Coscun Necati A., genannt Neco, mimte nach außen hin einen harmlosen Gemüsehändler. Tatsächlich aber soll er der Staatsanwaltschaft zufolge Chef einer streng gegliederten kriminellen Vereinigung sein. Nach Informationen dieser Zeitung wurden alle drei Inhaftierten in die landesweite Top-150-Liste der OK-Abteilung für die gefährlichsten Schwerverbrecher eingestuft.

Der Gruppierung werden unter anderem Zuhälterei, Förderung der Prostitution, Menschenhandel, Erpressung und illegaler Waffenbesitz vorgeworfen. Im Kampf um die Macht im Milieu soll sich die Gang gegen rivalisierende Banden durchgesetzt haben. Nach Erkenntnissen der Justiz suchte Neco A., der 1996 bereits in Bonn wegen Zuhälterei und schweren Menschenhandels zu drei Jahren Haft verurteilt wurde, mit seiner Gang das Vakuum zu füllen, das nach dem Schlag gegen die alte Ring- und Rotlichtgarde 1999 geführt worden war. Für Machtdemonstrationen ließ der im Vergleich zu seinen in Kraftstudios gestählten „Soldaten“ unscheinbar wirkende Anführer über Telefonketten gern schon einmal ein paar Dutzend Männer auflaufen. Ende Juli des vergangenen Jahres erschienen etwa 15 bis 20 Mitglieder der Gruppe mit Schlagstöcken in Europas größtem Erotik-Hotel „Pascha“, um Rivalen das Fürchten zu lehren.

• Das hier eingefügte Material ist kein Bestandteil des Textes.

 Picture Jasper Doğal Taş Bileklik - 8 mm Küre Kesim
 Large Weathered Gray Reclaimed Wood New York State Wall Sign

Bei den Revierkämpfen kam es häufiger zu Schießereien. Im September 2001 soll ein Rivale mitten auf der Autobahn A 57 gleich mehrfach auf den „Hauptmann“ der Bande, Hüseyin C., genannt „der Boxer“, mit einer Pistole gefeuert haben. Anders als bei seinen Vorgängern hat die Polizei nach eigenen Angaben bisher keine Erkenntnisse darüber, dass die Verdächtigen Schutzgeld von Diskothekenbesitzern erpresste oder gewaltsame Übernahmen der Türen von Tanzlokalen inszenierten. „Der Ring ist für diese Leute eher die Flaniermeile, wo man seinen Mädchen deutlich macht, wie wichtig man ist.“ Das Geld machte die Gruppe vor allem im Geschäft mit Prostituierten. Neco A. zwang laut Staatsanwaltschaft eine Frau, in Bordellen in Bochum, München und Frankfurt für ihn anschaffen zu gehen. Wöchentlich habe sie mehr als 1500 Euro an ihn abgeben müssen. Seine rechte Hand, Ayan B., ein muskelbepackter Hüne, soll eine Prostituierte verprügelt haben, weil diese nicht mehr für ihn arbeiten wollte. Zwischen Februar und August 2001 ließ er sie in einem Leverkusener Etablissement und im „Babylon“ in Elsdorf arbeiten. B. soll etwa 19 000 Euro von der Frau erpresst haben. Das Opfer nahm Reißaus und landete ausgerechnet in den Armen des Chefs der Bande, der sie zurück ins Bordell schickte.